Task ->
Starting at the line that contains "Photo 4 of 222 12 Avenue Ne, Sundre AB" and stopping after the line that contains "Bedroom 2, Gardenia", transcribe the listing below exactly; do not include any pictures.

Data shown ->
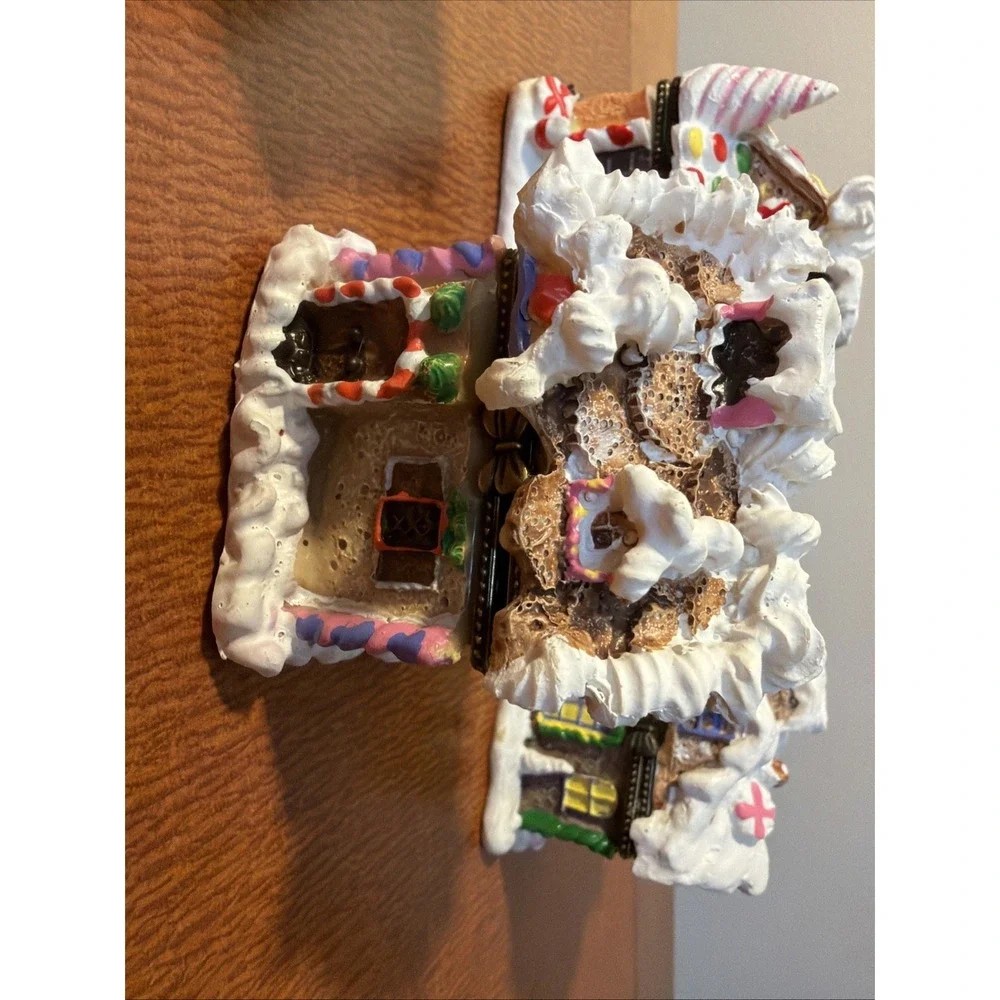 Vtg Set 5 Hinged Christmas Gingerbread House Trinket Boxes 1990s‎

--

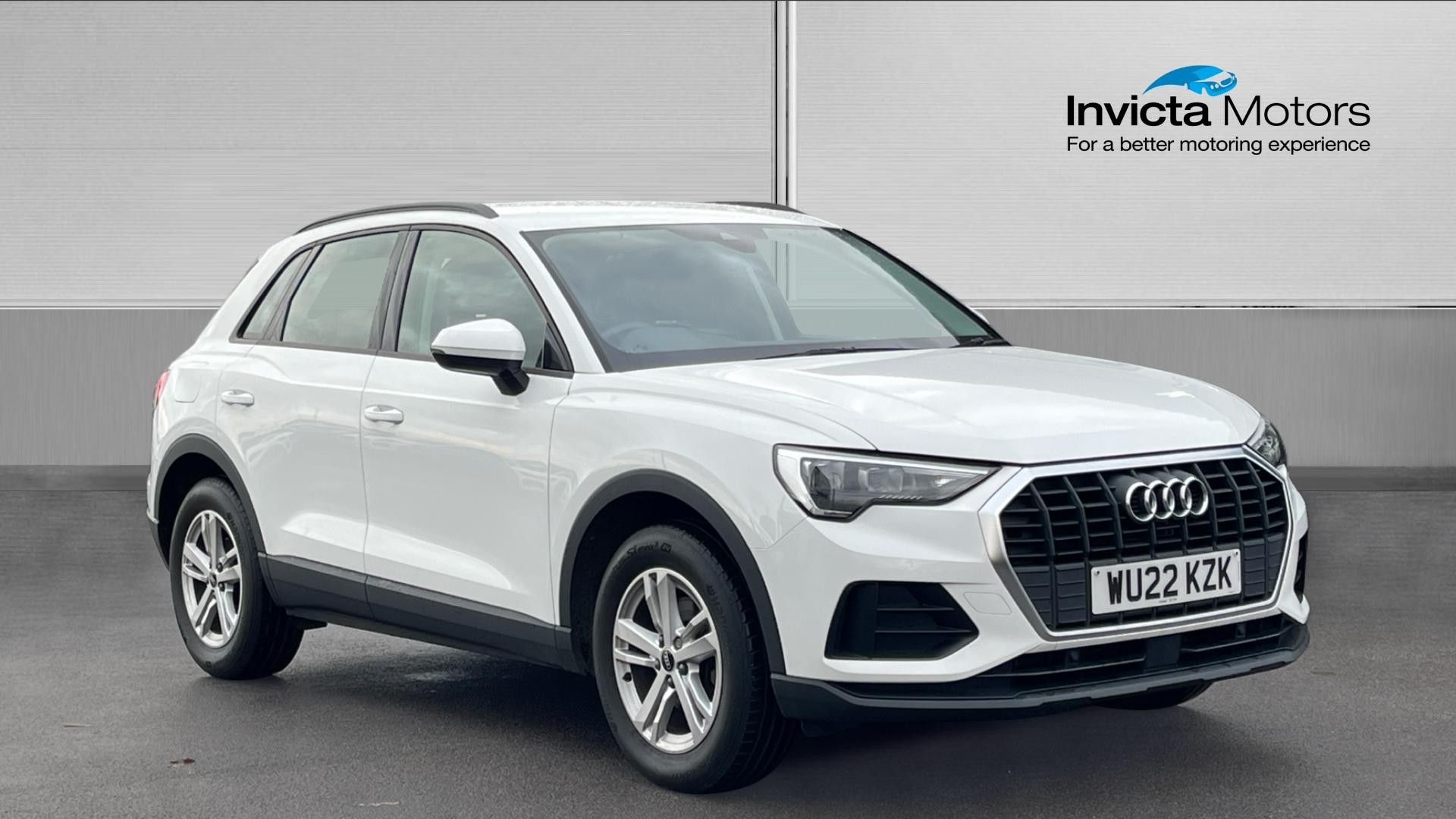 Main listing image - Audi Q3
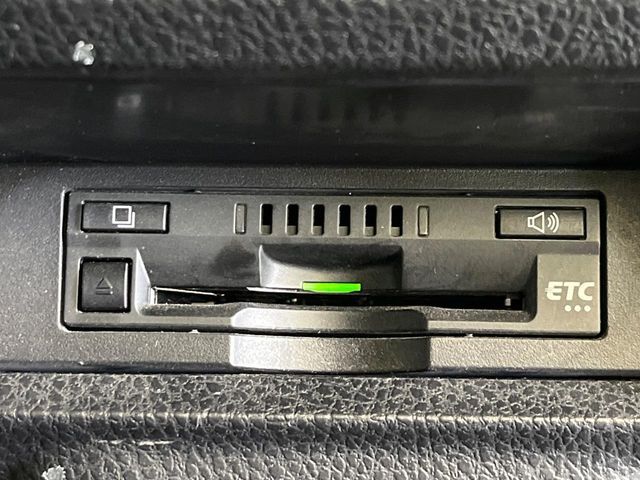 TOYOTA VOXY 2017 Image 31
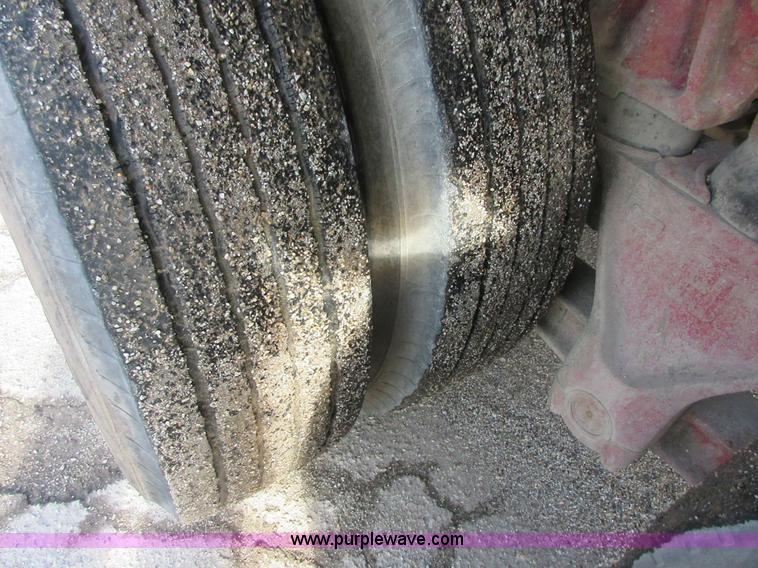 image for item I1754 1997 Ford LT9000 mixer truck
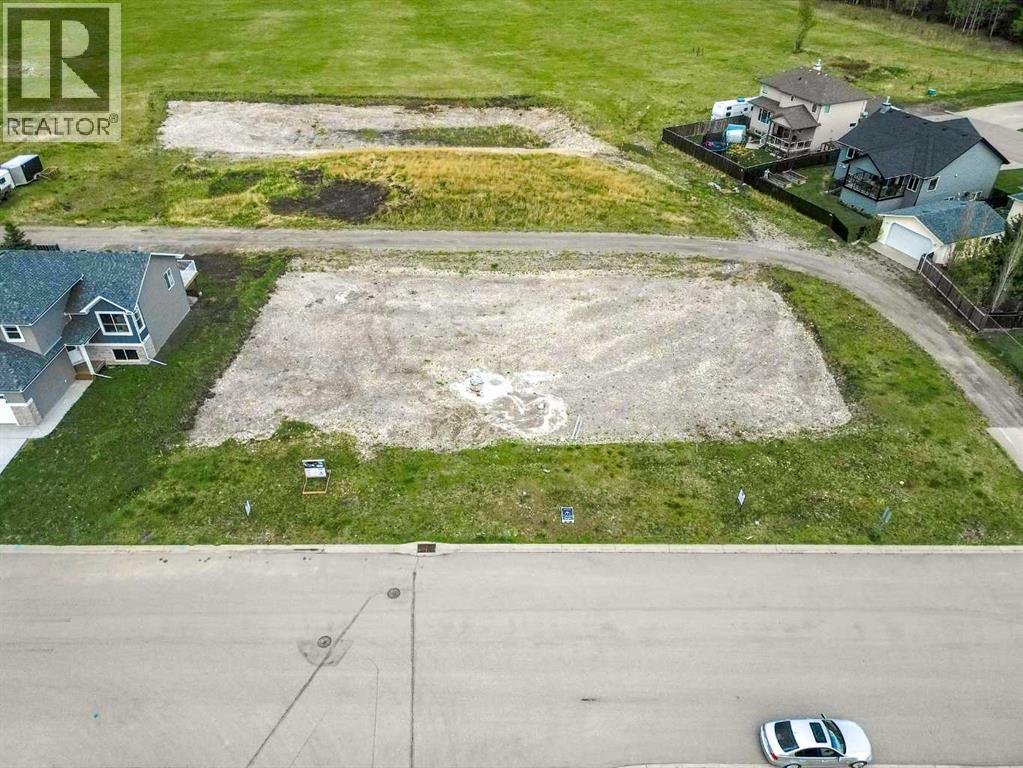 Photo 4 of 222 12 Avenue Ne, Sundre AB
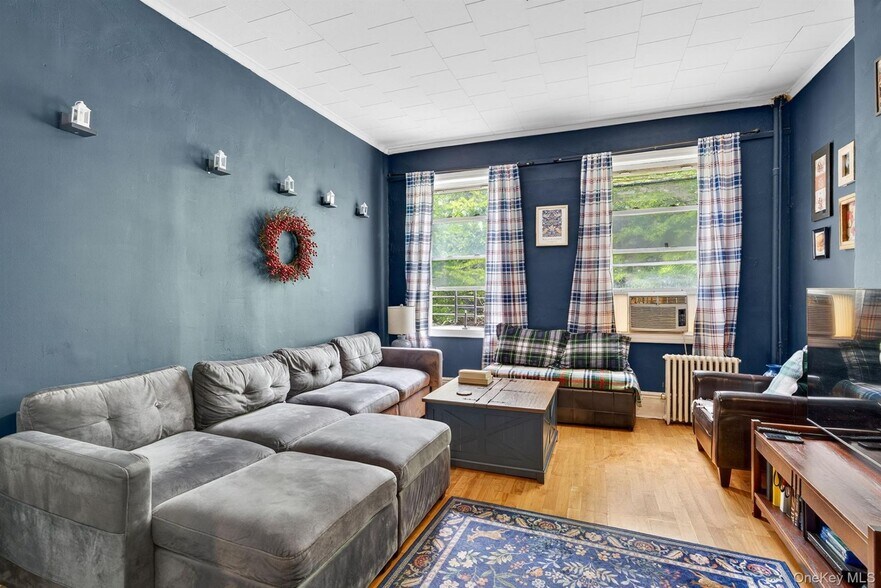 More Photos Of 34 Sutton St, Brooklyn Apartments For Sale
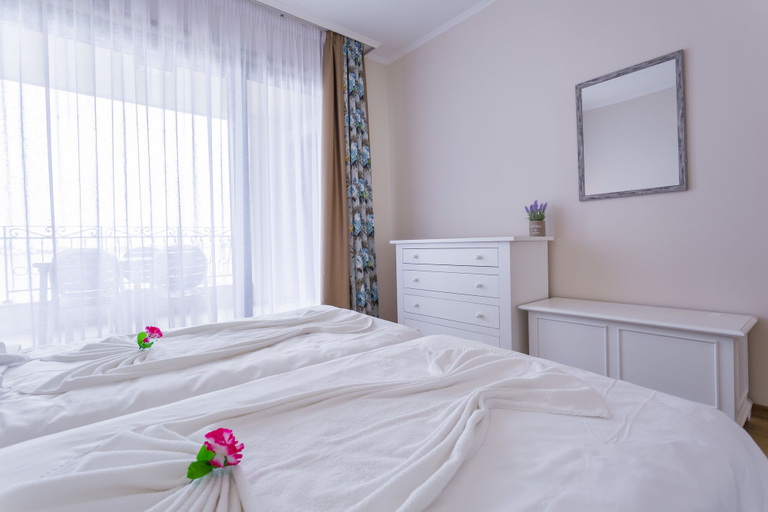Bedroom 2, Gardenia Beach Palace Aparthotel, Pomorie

Your solution ->
 Photo 4 of 222 12 Avenue Ne, Sundre AB
 More Photos Of 34 Sutton St, Brooklyn Apartments For Sale
Bedroom 2, Gardenia Beach Palace Aparthotel, Pomorie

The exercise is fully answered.